At some point, an officer brought him fruit juice, cookies, and some peanuts.
“Just what I didn’t need, but I’d told them I did need some food with my medicine,” he said. “The officer who’d brought the juice and snacks told me he was diabetic, too, but he showed no understanding of what was going on … they were running around like chickens with their heads cut off.”
It would be understandable if the officers were stressed and may not have been thinking clearly; someone had gunned down six of their own. Still, that didn’t help Alexander, whose blood sugar levels were steadily rising.
Officers eventually arrived with the bag, and Alexander was allowed to open it, but his insulin pen was missing.
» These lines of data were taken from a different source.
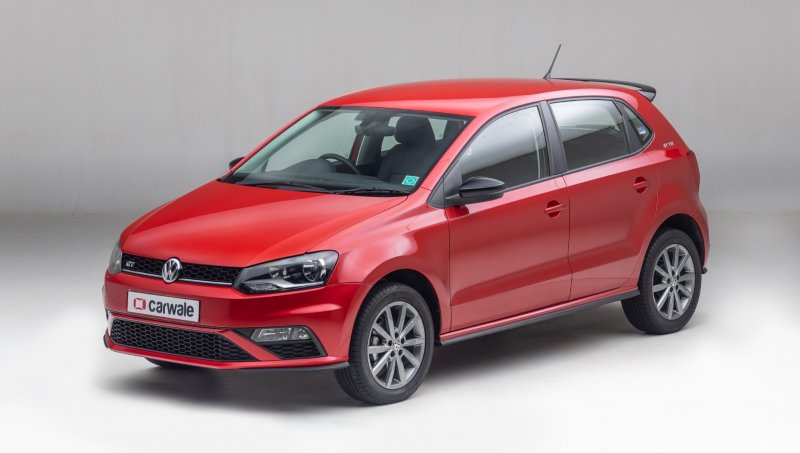 VW Polo gt 2020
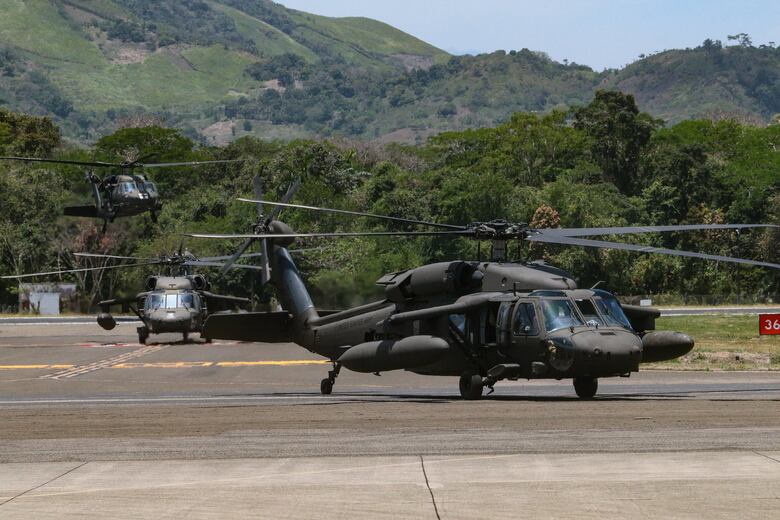 Comando Sur logra un marco para establecer entrenamientos a largo plazo en Panamá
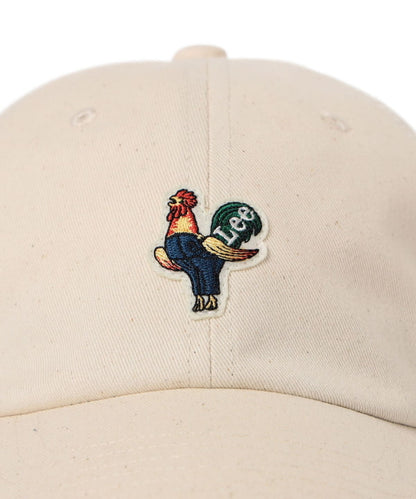 B:MING by BEAMS x Lee Special Edition Cap 51-65.5cm (Shipped Directly from Japan)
It was then that he remembered that he’d taken a shot with his coffee and snack on the road from Dallas, and he asked if someone would check the car again for the pen.
“We’ve been back to the car twice already,” an officer told him.
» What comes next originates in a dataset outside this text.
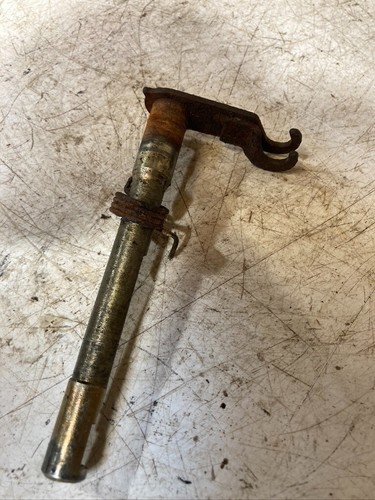 Yamaha 125 enticer clutch - 125,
He still was without insulin late in the afternoon, and by then he needed medical attention. Alexander’s memory of this time was hazy.
“Someone must have looked in the cell and seen my sleepy face, seen me sluggish, incoherent,” he said.
A fire department EMT was summoned, who put him on a stretcher and readied him for a trip to the emergency room. White was being released from his holding cell as Alexander was leaving for the hospital.
Alexander saw that the officers had his cash register receipt and a security camera photo of him standing at the coffee machine at the convenience store. The officers told White he was free to leave and pick up his friend at the hospital. When White arrived at the hospital, which was still in lockdown following the shootings, Alexander was able to recover his insulin pen from the car.
Insulin Nation sent a written inquiry to the Louisiana attorney general, who is a member of that state’s police standards and training agency, several days before Alexander’s interview. In the inquiry, the attorney general was asked if peace officers are trained to recognize symptoms of diabetic distress, and whether a lack of, or failure in, training could explain what happened to Alexander. At publication time, we have not received a response. Police did not respond to requests for comment from previous news organizations, as well.
Alexander missed his flight home and incurred $300 in expense to be re-ticketed. As of the day we spoke, the state of Louisiana had not yet decided whether to pay his $2,800 ambulance and hospital bill, because he was never formally arrested.
“They say it’s a grey area,” Mr. Alexander told me.